MutationTaster uses Random Forest models for predictions. Tree vote indicates how many decision trees of the Random Forest are suggestive of deleteriousness vs. how many are suggestive of a benign variant. The number before the vertical bar (|) always represents deleterious predictions and the number after the vertical bar benign predictions. E.g., tree vote 82|18 means that 82 decision trees in the Random Forest have indicated deleteriousness and 18 decision trees have indicated a benign variant.

Please note that the tree vote value should NOT be interpreted as the probability of error. Our results show that wrong predictions are usually caused by benign or deleterious variants that show characteristics of the other case, e.g.

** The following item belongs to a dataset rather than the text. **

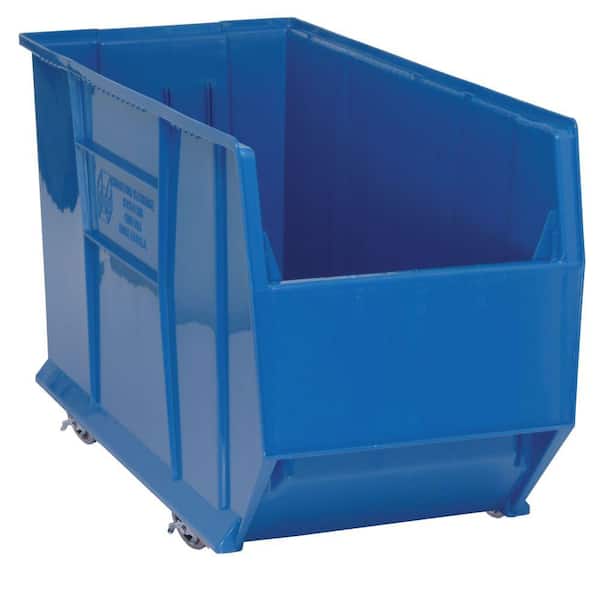 QUANTUM STORAGE SYSTEMS 36 in. Quantum Hulk Mobile 45 Gal. Storage Tote in Blue (1-Pack)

SNPs that are highly conserved and destroy protein features or disease mutations that appear to have no effect on the protein/gene at all. However, the number of deleterious versus benign votes indicates the confidence of the classifier that this variant belongs to that particular class.

Models

We provide five different models aimed at different types of variants, either aimed at

All models were trained with all available and suitable common polymorphisms and disease mutations. The number of features and the number of trees were separately optimised for each of the five models.

MutationTaster automatically determines the correct model for each variant.

Training and Performance

We have attempted to find a reasonable trade-off between predictive performance and speed and therefore limited the tree number and tree size within the different Random Forest models.

The final performance scores presented below are calculated on a hold-out dataset that was separated before cross-validation and give an indication of the model performance on real world data.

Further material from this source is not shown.